Task statement → After locating the line that contains "Ethnical Life Talerze" in the records below, write out exactly that line and each line after it through the one that contains "Bayside Adult 9.5oz., 80%", and nothing else.

Material shown →
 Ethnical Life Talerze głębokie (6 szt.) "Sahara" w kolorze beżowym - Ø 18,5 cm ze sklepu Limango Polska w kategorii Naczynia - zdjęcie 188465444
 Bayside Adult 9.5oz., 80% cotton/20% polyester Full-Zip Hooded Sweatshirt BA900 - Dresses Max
* * *
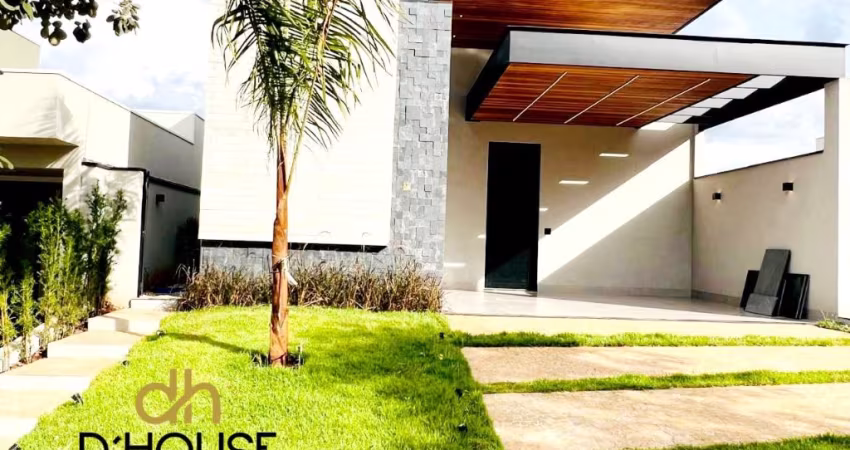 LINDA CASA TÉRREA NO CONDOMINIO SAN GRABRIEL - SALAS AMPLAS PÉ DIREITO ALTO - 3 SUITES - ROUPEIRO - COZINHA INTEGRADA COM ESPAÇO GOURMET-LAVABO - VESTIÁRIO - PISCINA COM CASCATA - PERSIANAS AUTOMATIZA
* * *
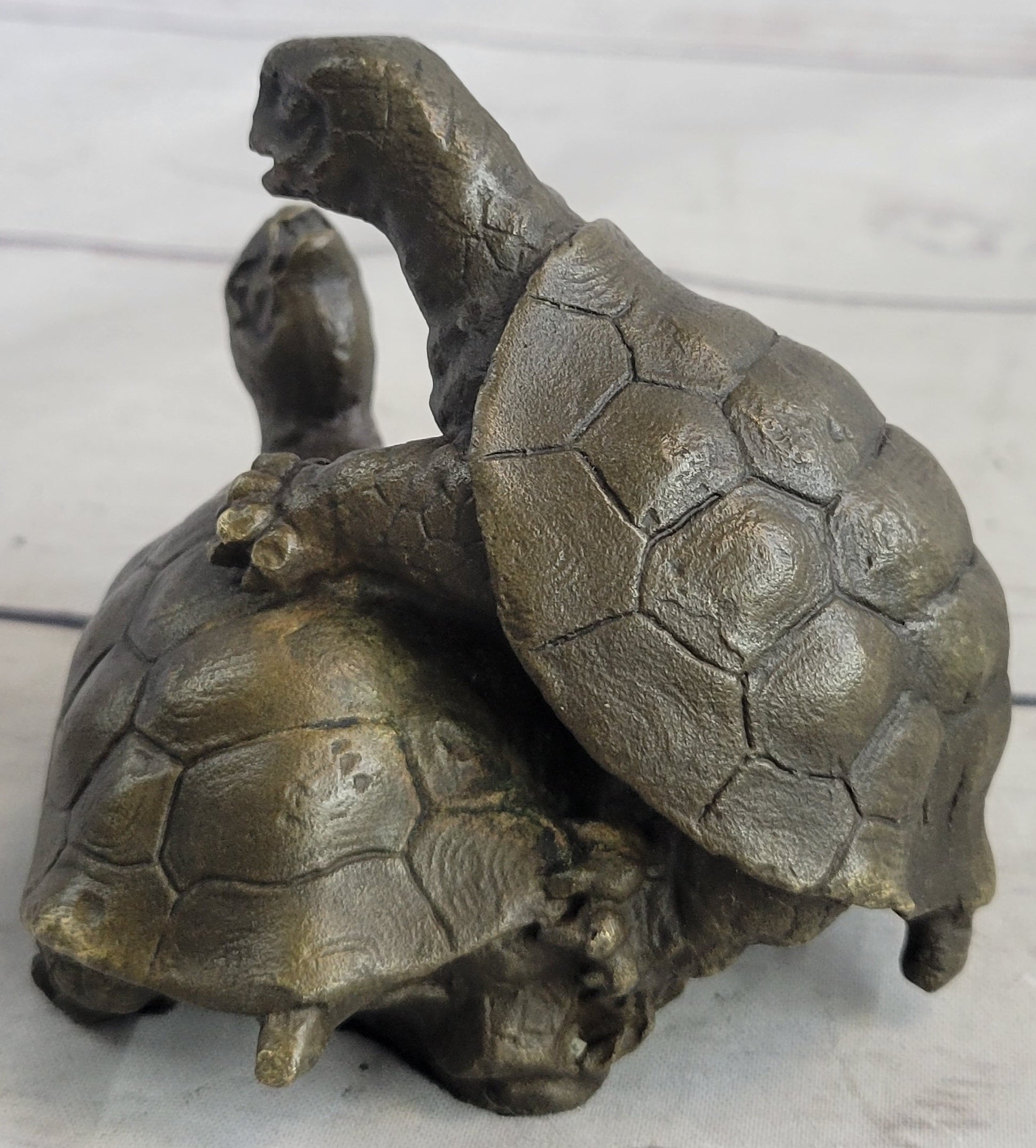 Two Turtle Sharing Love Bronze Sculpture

Answer box →
 Ethnical Life Talerze głębokie (6 szt.) "Sahara" w kolorze beżowym - Ø 18,5 cm ze sklepu Limango Polska w kategorii Naczynia - zdjęcie 188465444
 Bayside Adult 9.5oz., 80% cotton/20% polyester Full-Zip Hooded Sweatshirt BA900 - Dresses Max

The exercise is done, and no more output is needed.